An extraordinary court, or special court, is a type of court that is established outside of ordinary judiciary, composed of irregularly selected judges or applying irregular procedure for judgment. Since extraordinary courts can be abused to infringe fundamental rights of individuals, most modern countries ban such courts by constitution or statutes. Usually, modern military courts judged by courts-martial are regarded as examples of extraordinary courts.

== By country ==

=== Cambodia ===

An extraordinary court is the Extraordinary Chambers in the Courts of Cambodia, which is basically a chamber in the national court of Cambodia that is specially designed to judge crimes of the Khmer Rouge such as the Cambodian genocide, but its judges are not of the ordinary Cambodian judiciary but are selected among international candidates nominated by Secretary-General of the United Nations, according to an agreement between United Nations and the Cambodian government.

=== Germany ===

In modern Germany, the establishment of extraordinary courts (Ausnahmegerichte) is strictly prohibited by article 101(1) of the Constitution of Germany, in reflection of judicial murder by People's Court (Volksgerichtshof), which was a kind of Sondergericht that was established during Nazi Germany. The term Sondergericht itself means just the concept of 'special court', but the use of that term is discouraged, as it can refer to the legacy of the Nazis. As a result, contemporary courts in Germany with special jurisdiction (such as 'Federal Social Court' in cases of social security matters) are called a kind of 'specialized court' (Fachgerichte), composed of ordinary judges.

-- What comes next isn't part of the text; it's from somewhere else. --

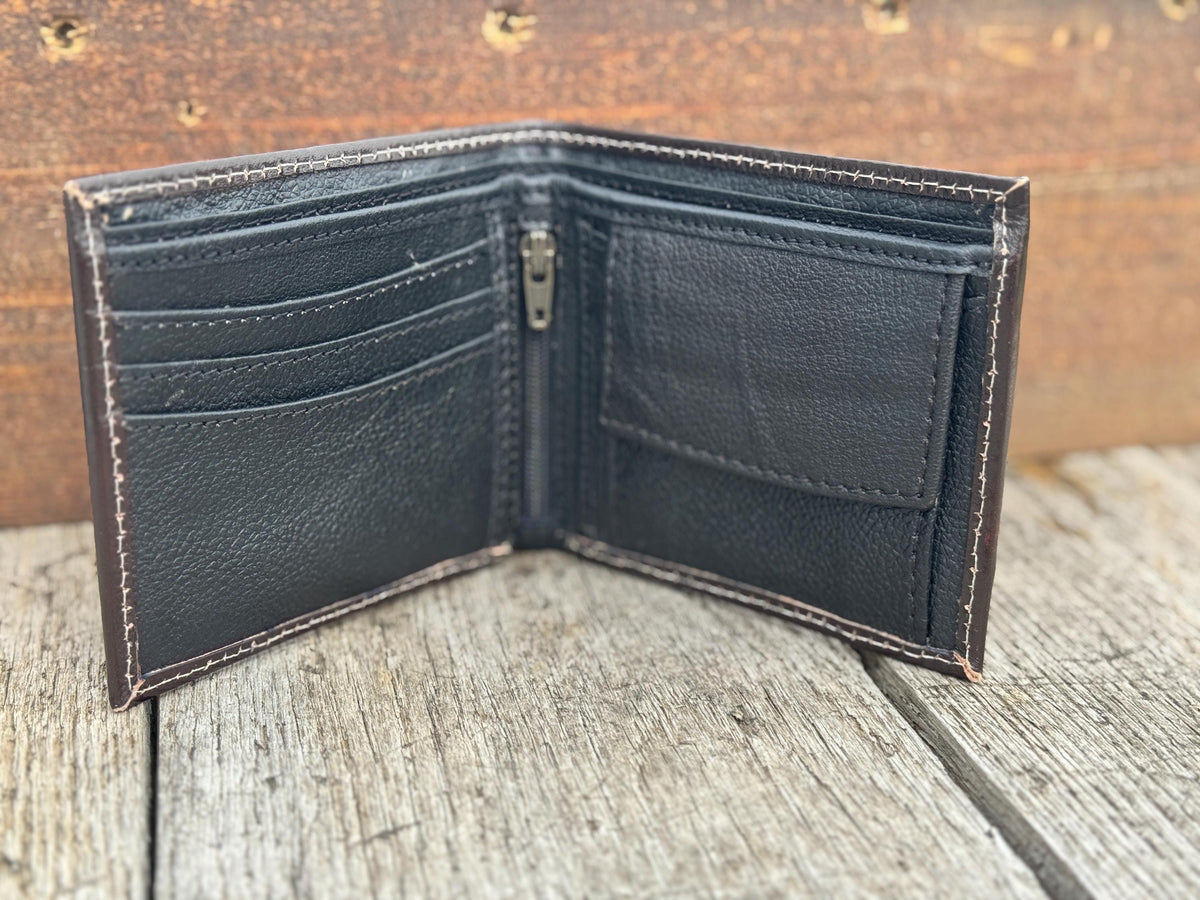 Men’s Western bi-fold wallet tooled floral Cow Skull Aces Cards details by Double B Wild Rags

In that way, Article 101(1) of the Constitution is explained as forbidding establishment of both extraordinary courts and special courts, which are substantially the same concept. As the Constitution bans judgments by irregularly-composed judges, courts in the City of Kempten with special jurisdiction on military justice in Germany are also constituted by ordinary judges, according to Section 11a of German Criminal Code.

=== South Korea ===

In contemporary South Korea, the establishment of special courts (특별법원), meaning extraordinary courts (예외법원) is exceptionally allowed only for a military court, according to Article 110(1) of the Constitution of South Korea. It is notable that Justices at the Constitutional Court must have qualification as judges, which includes Justices in the Supreme Court of Korea, in ordinary courts, but Article 111(2) of the Constitution does not require military judges in the Military Court of Korea to have competence as ordinary court judges by 110(3) of the Constitution. The Constitutional Court of Korea explains that constitutional difference of qualification among ordinary court judges (including Supreme Court Justices), military judges and Constitutional Court Justices as constitutional grounds for non-qualified senior military officers to participate in military court judgments as adjudicators (심판관), together with qualified military judges (군판사) in exceptional cases, according to article 22(3) of the Military Court Act.

===United States===

The Foreign Intelligence Surveillance Court has the authority to issue warrants authorizing surveillance of suspected foreign spies or terrorists. FISA warrant requests are rarely denied.
If an application is denied by one judge of the court, the federal government is not allowed to make the same application to a different judge of the court but may appeal to the United States Foreign Intelligence Surveillance Court of Review. Such appeals are rare: the first appeal from the FISC to the Court of Review was made in 2002 (In re Sealed Case No. 02-001), 24 years after the founding of the court.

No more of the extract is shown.